Fernando Rey and Jack Taylor are Nazi hunters looking for the vile Nazi Josef Mengele (Howard Vernon) in South America. Robert Foster’s girlfriend gets killed by the Nazis who patrol Mengele’s fortress, and he teams up with her best friend (Suzanne Andrews) to get revenge. The Nazi hunters accept them into their fold with the provision they gather evidence to bring Mengele to trial, but he decides to blow him the fuck up instead.
Here's the thing, though. Mengele isn’t exactly hiding. I mean his guards patrol his fortress wearing red armbands in broad daylight and fly around in helicopters with “4R” painted on the side of them. (You know, for “Fourth Reich”.) It’s shit like this that endears crappy movies like this to me.
Even if you didn’t know the behind the scenes drama, Commando Mengele: “Angel of Death” looks like a cut-and-paste affair. (I mean, the title has two titles for God’s sake.) There are scenes that are played silently while narration tries to explain what’s going on, the same random insert shots of Andrews’ shocked face are reused a couple of times, and some plot points (like Andrews being artificially inseminated by Mengele) are haphazardly (or never) resolved. However, when it’s Franco doing the cutting and Bianchi doing the pasting, the results are entertaining more often than not.

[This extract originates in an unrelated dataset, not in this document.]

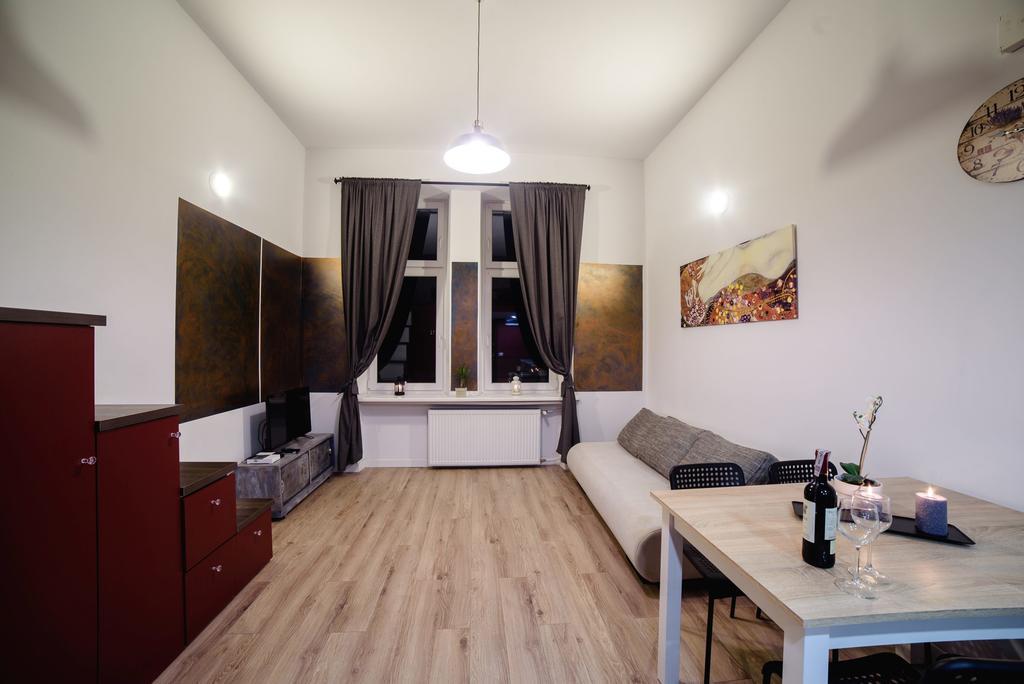 Cracow Rent Apartments - Spacious Apartments For 2-7 People In Quiet Area - Kolberga Street Nr 3 - 10 Min To Main Square By Foot Krakau Buitenkant foto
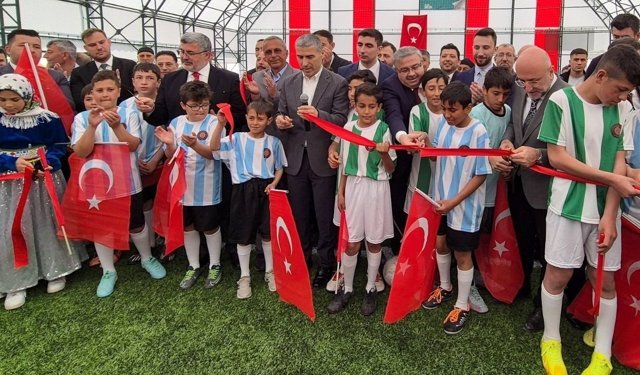 AK Parti Afyonkarahisar İl Başkanlığı’ndan Yatırım Atağı: Doğanlı’ya Modern Halı Saha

This movie has a lot of movie for your movie dollar. It has Chris Mitchum sleepwalking through his performance as Mengele’s top bodyguard who walks with a limp, but can still snap into action for slow-motion, echoey Kung Fu fights. Foster’s “Dirty Dozen” style team are also a lot of fun (even though there are only four of them). There’s a Bud Spencer looking guy who uses knives and crossbows, an acrobat, a computer geek, and a Kung Fu master who’s always exuberantly practicing his karate chops and kicks in the background (who also gets his share of slow-motion, echoey Kung Fu fights). Then, of course, there’s Howard Vernon chewing the scenery like only Howard Vernon can as Mengele. I think my favorite moment came when he shows Andrews his big experiment and it’s nothing but a room with a monkey lying in bed next to two half-human/half-monkey freaks. Most movies would make this a major plot point, but for Commando Mengele: “Angel of Death”, it’s just a random WTF throwaway scene.

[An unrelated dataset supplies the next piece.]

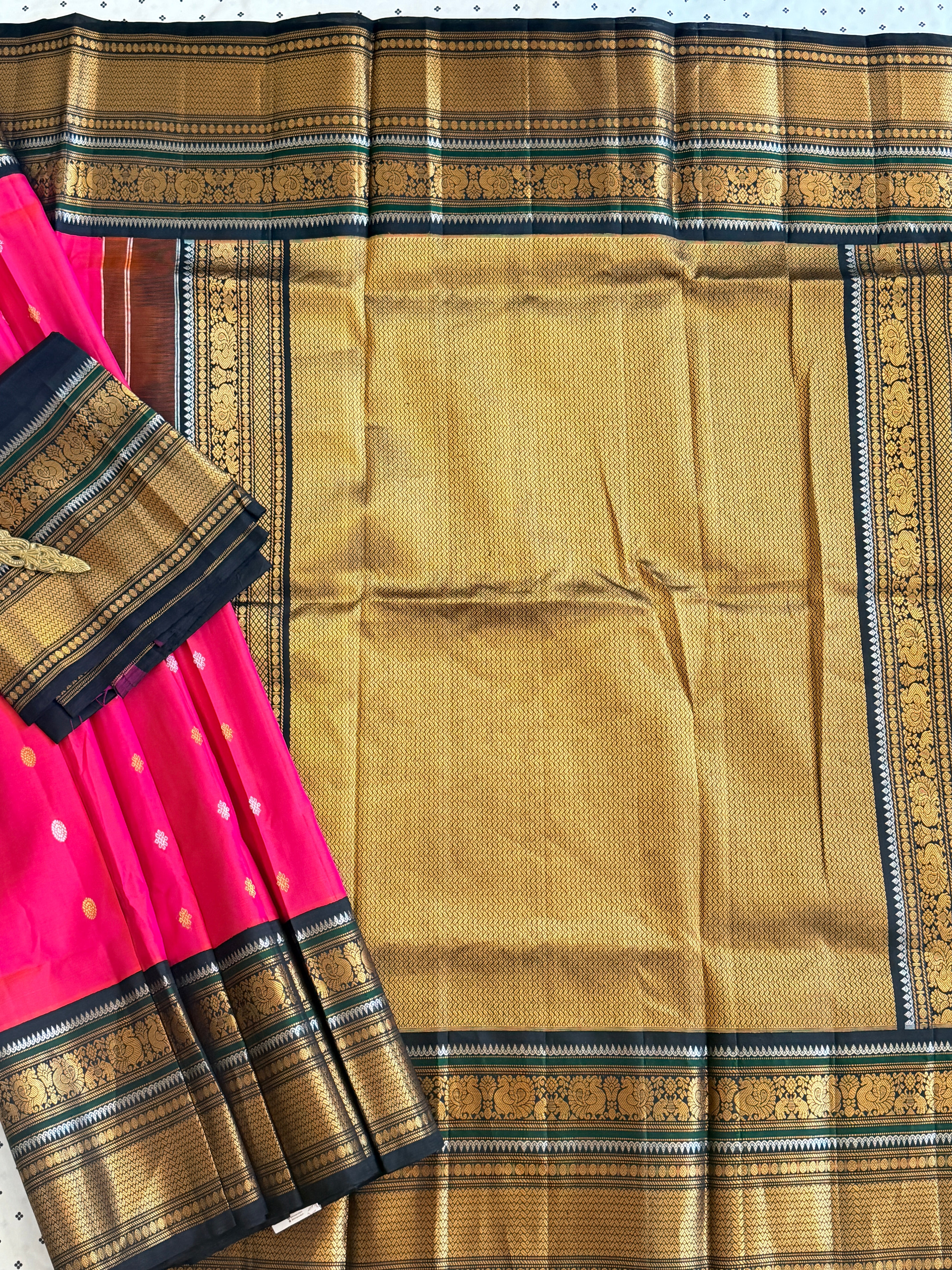 Kuttu Gadwal Pure Silk Handloom Saree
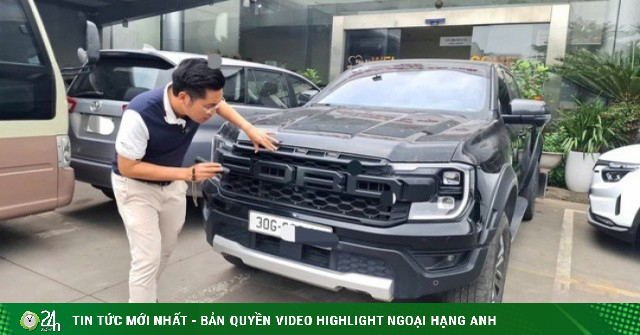 Xe bán tải đồng loạt được rao bán 'cắt lỗ', showroom dè chừng nhập hàng vì lo ế khách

Speaking of which, the final siege on Mengele’s fortress is a head-spinning onslaught of “…HUH?!?” There’s badly choreographed action (including more slow-motion, echoey Kung Fu fights), bizarre plot twists, and one of the worst model explosions of all time. I think I laughed six times and said, “Wait… WHAT?” at least twice in the last three minutes. A lot of the movie never comes close to matching the weirdness of the final reel. There are a few moments along the way though that flirt with being totally bonkers, but ultimately wind up being completely bananas. And I’m not saying that because of the scene where the monkey and its half-human brethren are liberated by the Nazi hunters.

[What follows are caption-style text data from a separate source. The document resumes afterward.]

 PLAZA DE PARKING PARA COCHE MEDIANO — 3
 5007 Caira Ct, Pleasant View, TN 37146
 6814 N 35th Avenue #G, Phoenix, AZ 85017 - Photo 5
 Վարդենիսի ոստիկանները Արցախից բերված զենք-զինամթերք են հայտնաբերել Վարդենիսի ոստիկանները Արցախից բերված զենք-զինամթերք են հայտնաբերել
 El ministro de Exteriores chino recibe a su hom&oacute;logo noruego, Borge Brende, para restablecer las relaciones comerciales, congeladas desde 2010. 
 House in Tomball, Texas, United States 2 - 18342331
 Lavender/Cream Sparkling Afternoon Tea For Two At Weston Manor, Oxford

It's kind of easy to tell what scenes Franco was responsible for thanks to the slow zooms and pans. Also, the flick is chockfull of his regular stock players like Taylor, Foster, Vernon (the De Niro to Franco’s Scorsese), and Mitchum. I’m not sure if he was responsible for the monkey business (pun sorta intended), or if that was Bianchi’s doing. All I know is that when the WTF is flying freely, Angel of Death is heavenly.
AKA: Angel of Death. AKA: Commando Mengele.